■ **What you have to do**
Quote exactly, and only, the lines of the material below from the line with "Flying Tomato Ruffle" through the line with "Homepage of Anderson Hydra Platforms, LLC".

■ **Task material**
====================
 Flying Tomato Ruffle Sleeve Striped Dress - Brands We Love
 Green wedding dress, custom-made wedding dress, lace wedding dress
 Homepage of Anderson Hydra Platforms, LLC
====================
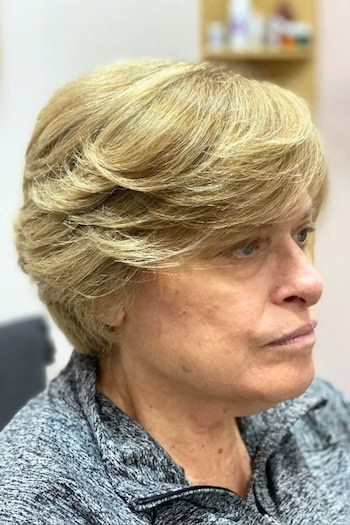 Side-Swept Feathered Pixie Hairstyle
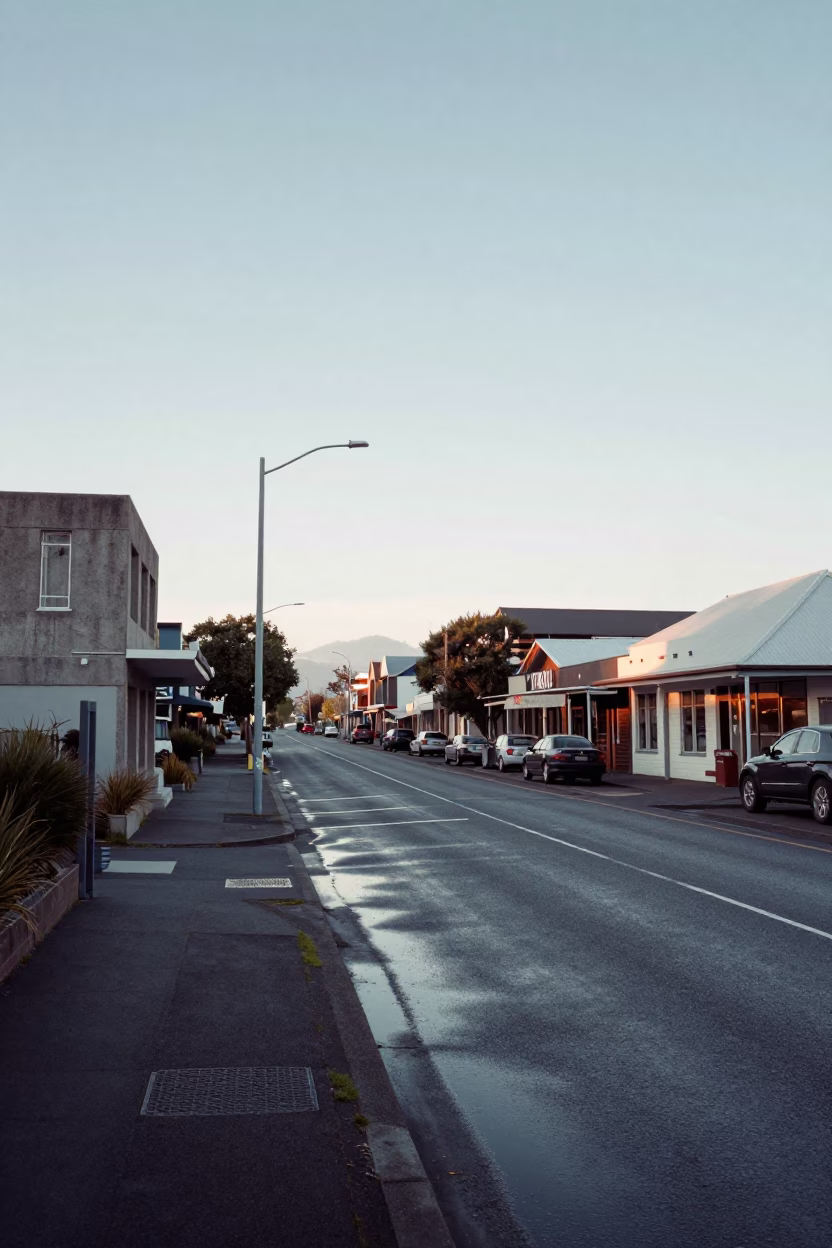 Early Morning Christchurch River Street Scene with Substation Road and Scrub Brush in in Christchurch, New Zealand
====================
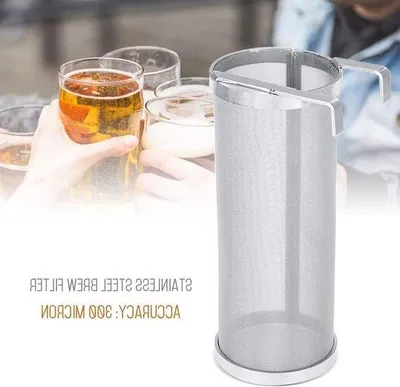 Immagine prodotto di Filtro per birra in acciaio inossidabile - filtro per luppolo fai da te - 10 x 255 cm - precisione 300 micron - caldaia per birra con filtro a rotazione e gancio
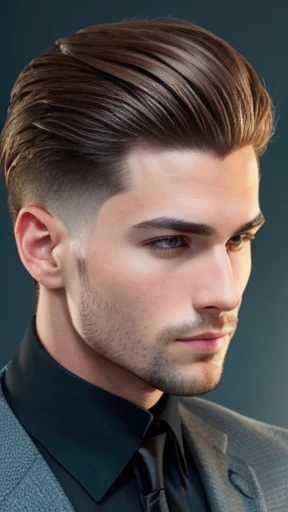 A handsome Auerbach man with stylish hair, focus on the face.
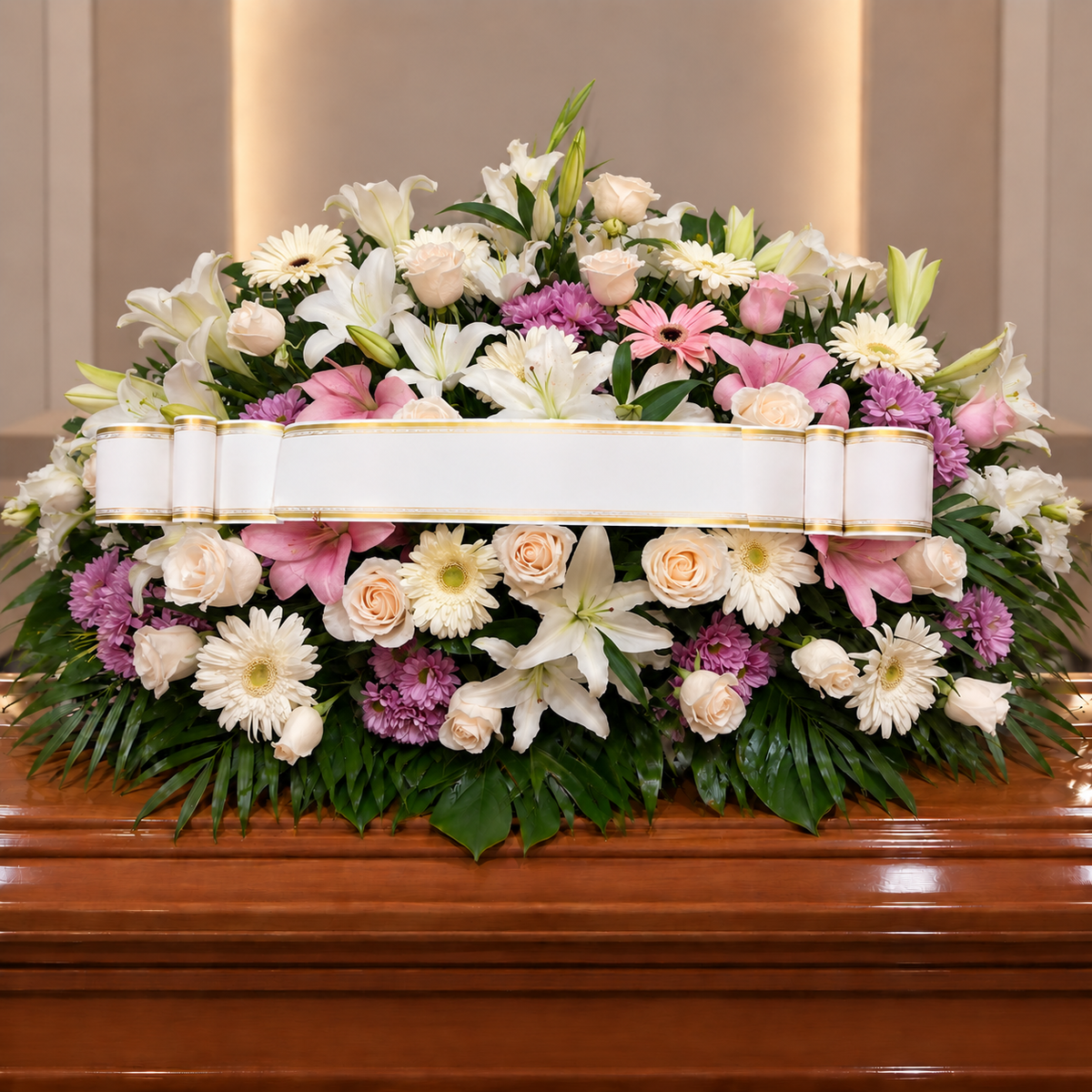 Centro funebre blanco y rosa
====================
■ **Exercise output**
 Flying Tomato Ruffle Sleeve Striped Dress - Brands We Love
 Green wedding dress, custom-made wedding dress, lace wedding dress
 Homepage of Anderson Hydra Platforms, LLC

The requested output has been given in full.